3. we develop an educated guess based on prior knowledge, and formulate a hypothesis
- we create a possible explanation that can be proven or falsified with a designed study (test)
4. We design our experiment but don't do the experiment until we have a prediction on what will occur in the study
- Predictions describe what you expect to see if the hypothesis is true.
- They are specific and measurable.
5. we conduct the test/experiment to see if our prediction is right
6. we then report our results
7. and move on to do any recommended action
After interpreting results, you explain: why they matter, what the implications are, what should be done next (applications, future studies, decisions).
if we have the hypothesis, "Higher temperatures increase plant growth." then what might our "prediction" be?
remember that, in the scientific method, the prediction step comes after the hypothesis
Predictions describe what you expect to see if the hypothesis is true.
They are specific and measurable.
Example:
If plants are grown at 25°C vs 15°C, the 25°C plants will be taller after 10 days.
Notice:
➡️ The hypothesis is general.
➡️ The prediction is concrete.
according to the scientific method, what do we do if the results of our tests do not support the hypothesis?

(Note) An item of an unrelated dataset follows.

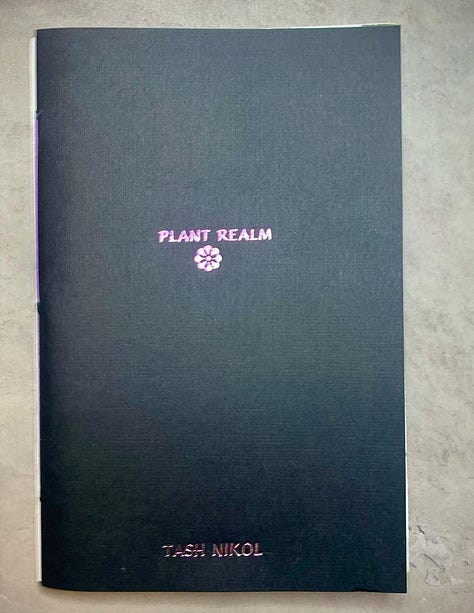 Images of the book which has a black cover and iridescent foil stamped of the words Plant Realm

If the results do not support the hypothesis →
➡️ You formulate a new hypothesis with new predictions and test again.
This is GOOD science — hypotheses are not failures when rejected.
after a scientist does their experiment, writes a conclusion, and makes a research article, what do they do next? (explain the whole process that occurs after you write an article)
Peer Review and then Publication
- A scientist writes a paper, submits it to a journal editor, who forwards it to typically two or three peer reviewers.
- Reviewers Can be professors, government/industry scientists, or even graduate/undergraduate students, often selected for their expertise and lack of conflict of interest.
- The editor issues a decision based on the reviewers' recommendations (e.g., accept, reject, reject with major/minor revisions).
- Being rejected does not mean the paper is bad; it may be a bad fit for the journal's audience or impact level. Reviewer comments are crucial for improving the paper for resubmission elsewhere.
What Are Blogs & News Stories in Science?
- They are NOT peer-reviewed scientific sources.
- They are NOT primary or secondary articles.
- They are a form of public science communication.
Their purpose is to:
- spread new scientific findings quickly (getting peer-reviews takes forever, posting about your research on twitter can be done in seconds)
- make research understandable to a general audience
- stimulate discussion
- They translate science, not perform it.
Which test creates an "F" test statistic? what does it represent and how can we interpret its value?
The F test statistic is produced by ANOVA (Analysis of Variance)
a large F value indicates that the group means differ more than would be expected from random variation alone.
- big F = tells us that at least one population mean is different, but it does not tell us which one.